WHAT YOU SHOULD DO
Starting at the line that contains "Shadow Play Moody", write out each line through the end of the data below, exactly as it stands. Skip any pictures.

RECORDS PROVIDED
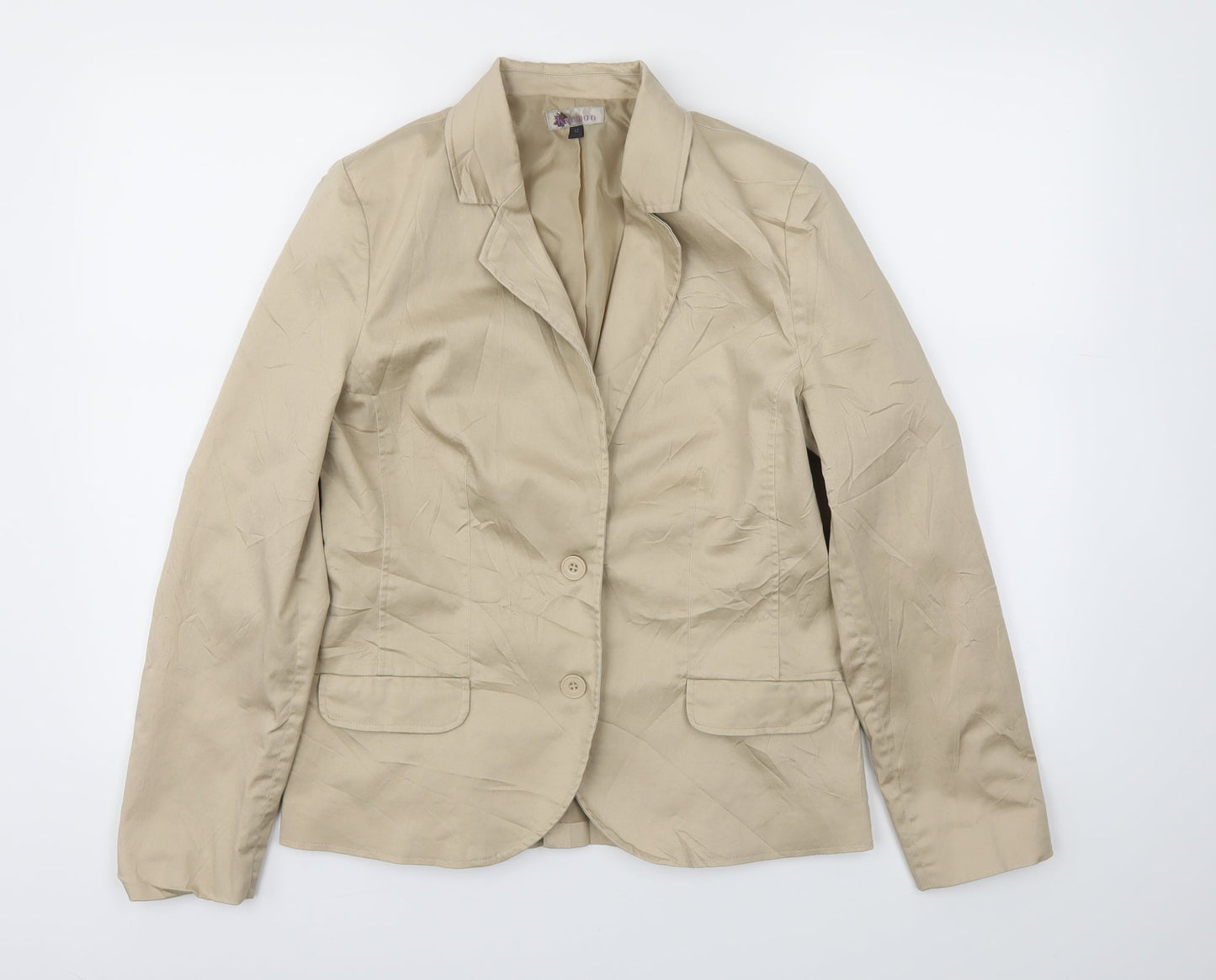 KWOMAN  Womens Beige   Jacket Blazer Size L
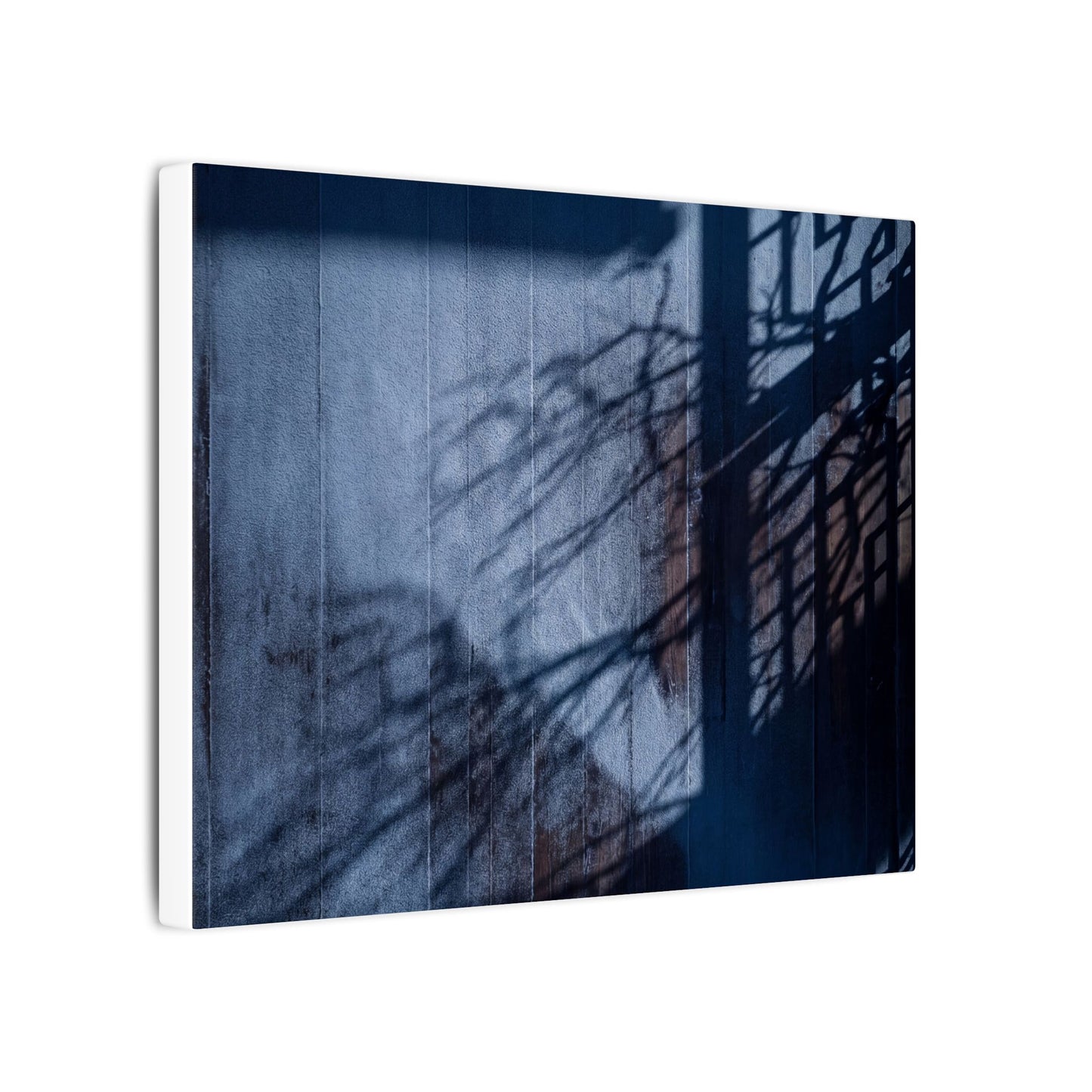 Shadow Play Moody Minimal Canvas Art | Moody Dark Japandi Art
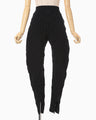 Links Stitch Knitted Trousers - black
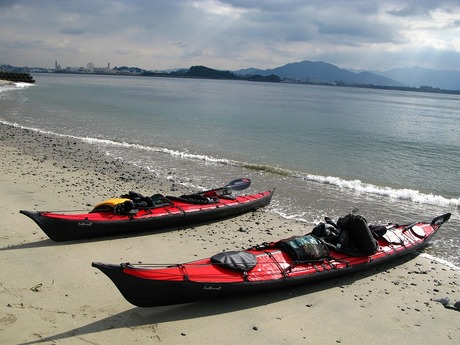 カヤック洗う？洗わない？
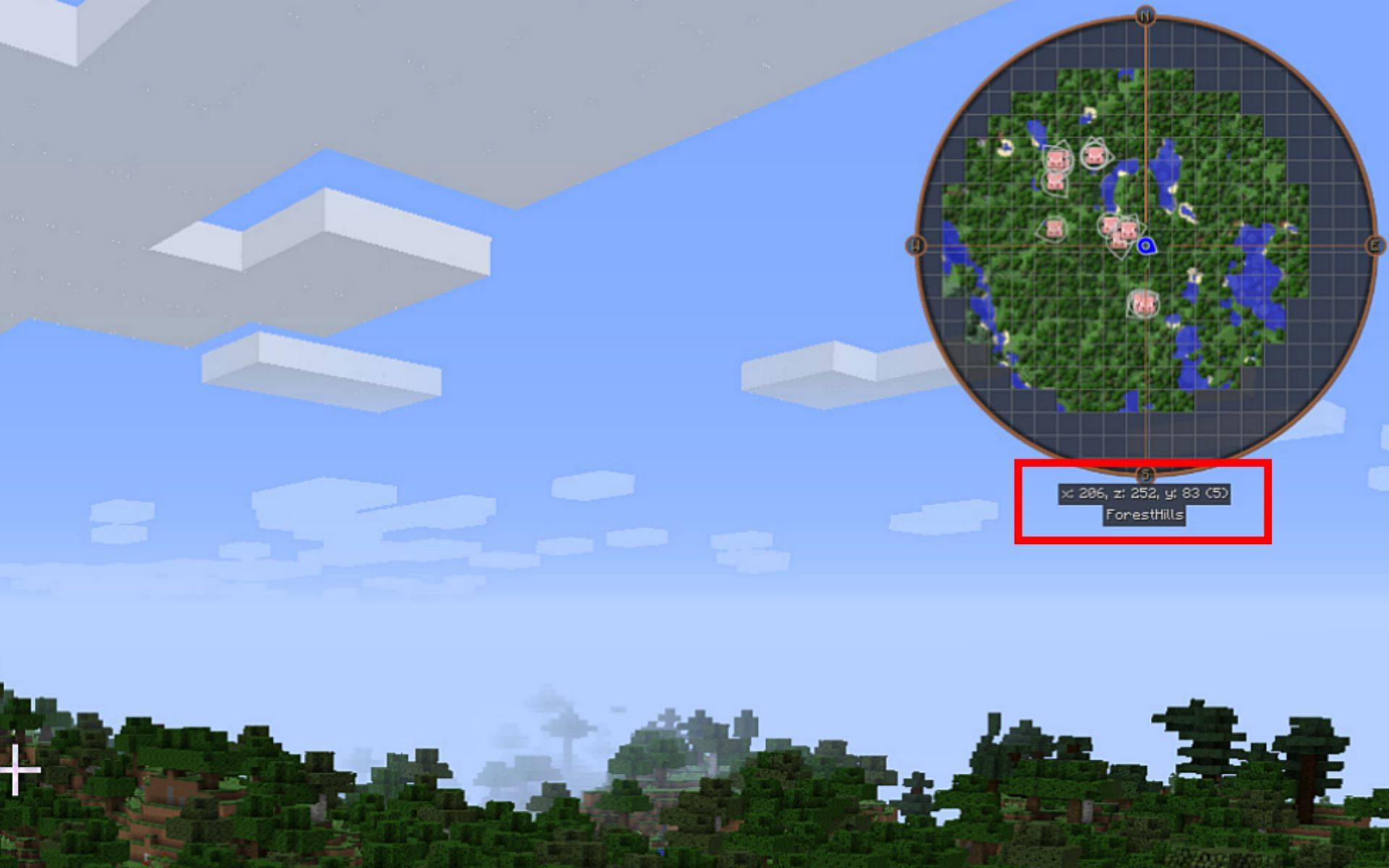 JourneyMap adds all sorts of map-related features to Minecraft 1.20 (Image via Mojang)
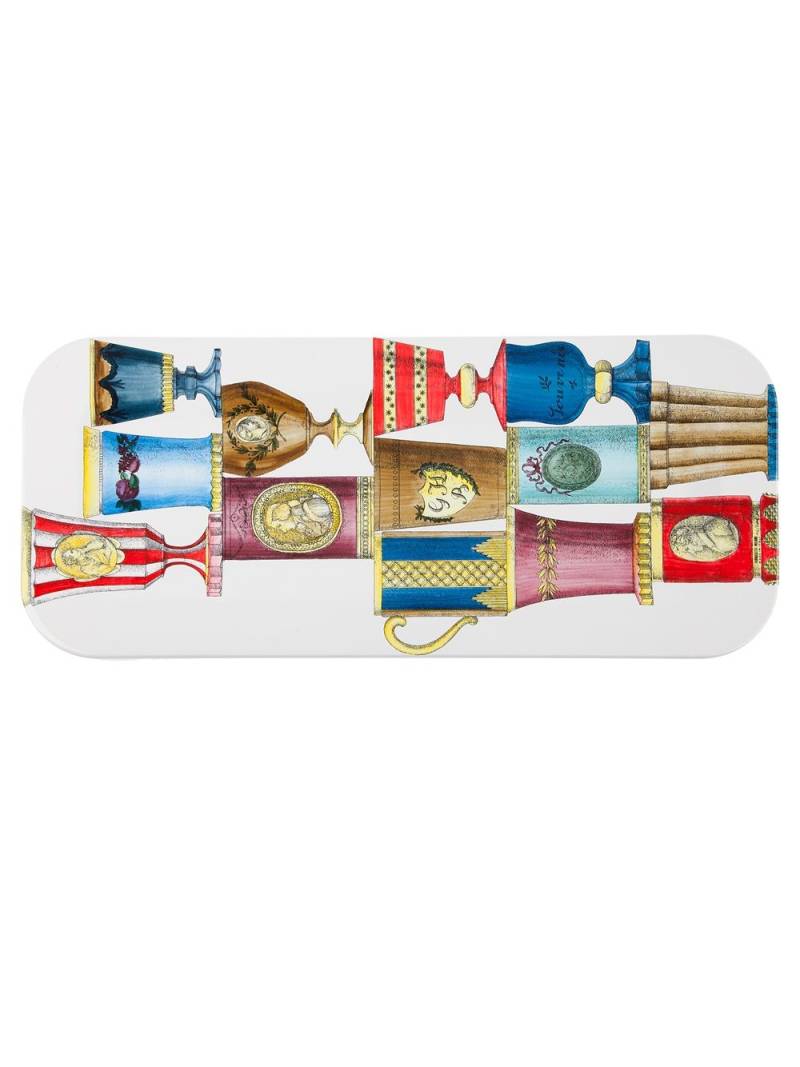 Fornasetti "Bohemian glasses" tray - White von Fornasetti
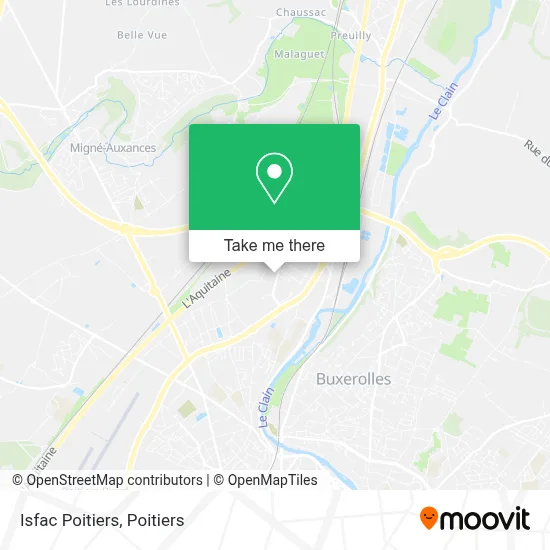 Isfac Poitiers map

WRITTEN ANSWER
 Shadow Play Moody Minimal Canvas Art | Moody Dark Japandi Art
 Links Stitch Knitted Trousers - black
 カヤック洗う？洗わない？
 JourneyMap adds all sorts of map-related features to Minecraft 1.20 (Image via Mojang)
 Fornasetti "Bohemian glasses" tray - White von Fornasetti
 Isfac Poitiers map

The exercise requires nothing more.